What We Actually Need
I think the field needs to move in three directions simultaneously:
1. Meaning-decomposition metrics. Instead of comparing surface forms, decompose both source and translation into structured meaning representations — predicate-argument structures, entity coreferences, discourse relations — and compare those. This is hard (it's basically the semantic parsing problem), but partial solutions exist. AMR (Abstract Meaning Representation) parsing has gotten good enough to be useful here, and cross-lingual AMR alignment could give us metrics that catch meaning shifts that surface-level metrics miss.
2. Contrastive evaluation sets. Instead of asking "how good is this translation?" ask "can the system distinguish correct translations from specific types of errors?" Build test sets with minimal pairs: one correct translation and one that's fluent but wrong in a specific, controlled way (wrong idiom interpretation, incorrect number, shifted modality, etc.). This tests whether systems understand meaning, not just whether they produce fluent text.
3. Task-based evaluation. The ultimate test of translation quality is whether it works for its intended purpose.
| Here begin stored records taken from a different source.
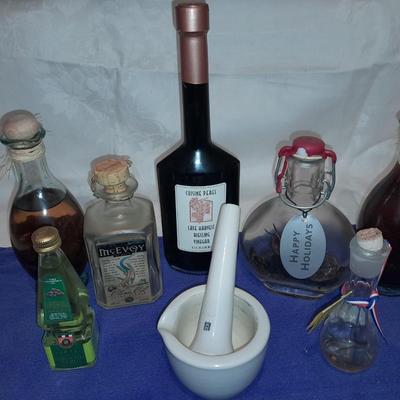 Cooking oil and vinegar collectible jars with COORS Mortar and pestle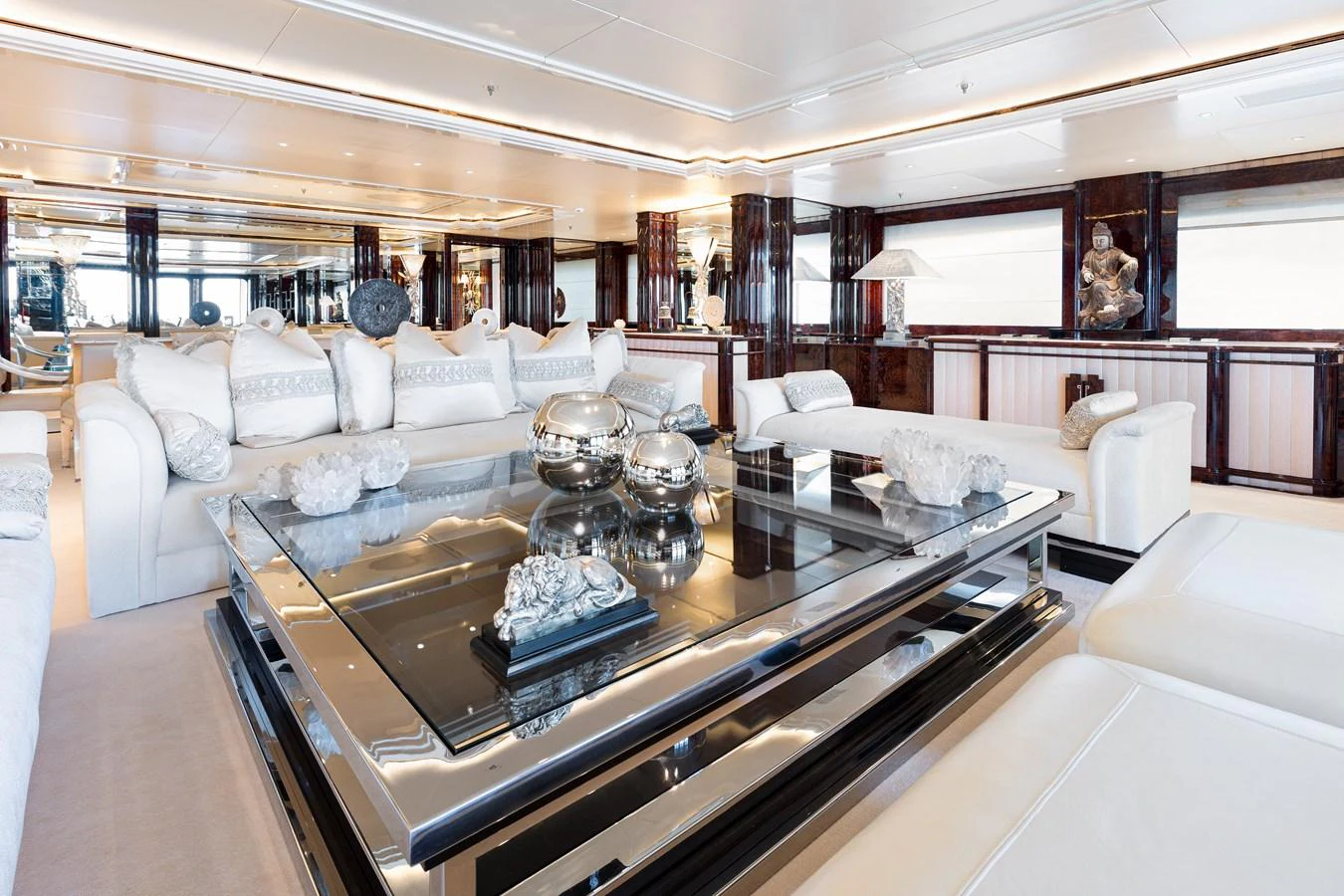 a living room with a large table aboard LIONESS V Yacht for Sale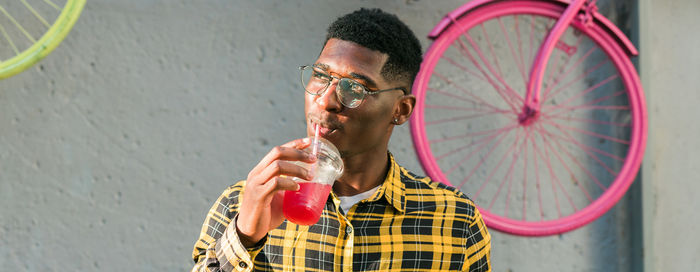 Young man with bicycle against wall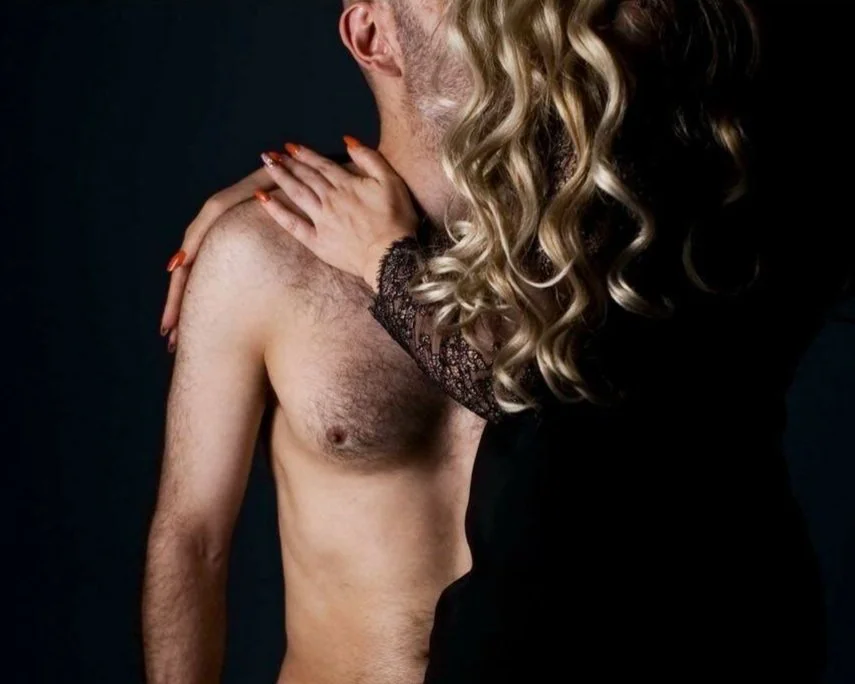 Close-up of a shirtless man with a woman leaning in, her hand on his shoulder, against a dark background.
Can a doctor use the translated medical record to make correct decisions? Can a lawyer rely on the translated contract? Can a reader enjoy the translated novel? We need evaluation frameworks that measure downstream task performance, not just linguistic similarity.
None of these are new ideas. But the urgency has increased dramatically now that LLMs have made the easy problems (fluency, basic adequacy) essentially solved for high-resource pairs, and our metrics can't reliably distinguish "good enough" from "subtly wrong."
The Stakes Are Real
This isn't an academic exercise. Machine translation is used in legal proceedings, medical settings, immigration cases, and international commerce. When an LLM confidently produces a fluent translation that subtly misrepresents the source, and our automated metrics say it's fine, real harm can follow.
The MT community has been remarkably successful at improving translation quality over the past decade. The evaluation side hasn't kept pace. Until it does, we're flying blind — producing translations that look better than ever while lacking the tools to verify that they actually are better.
We need to fix the thermometer, not just celebrate that the patient looks healthy.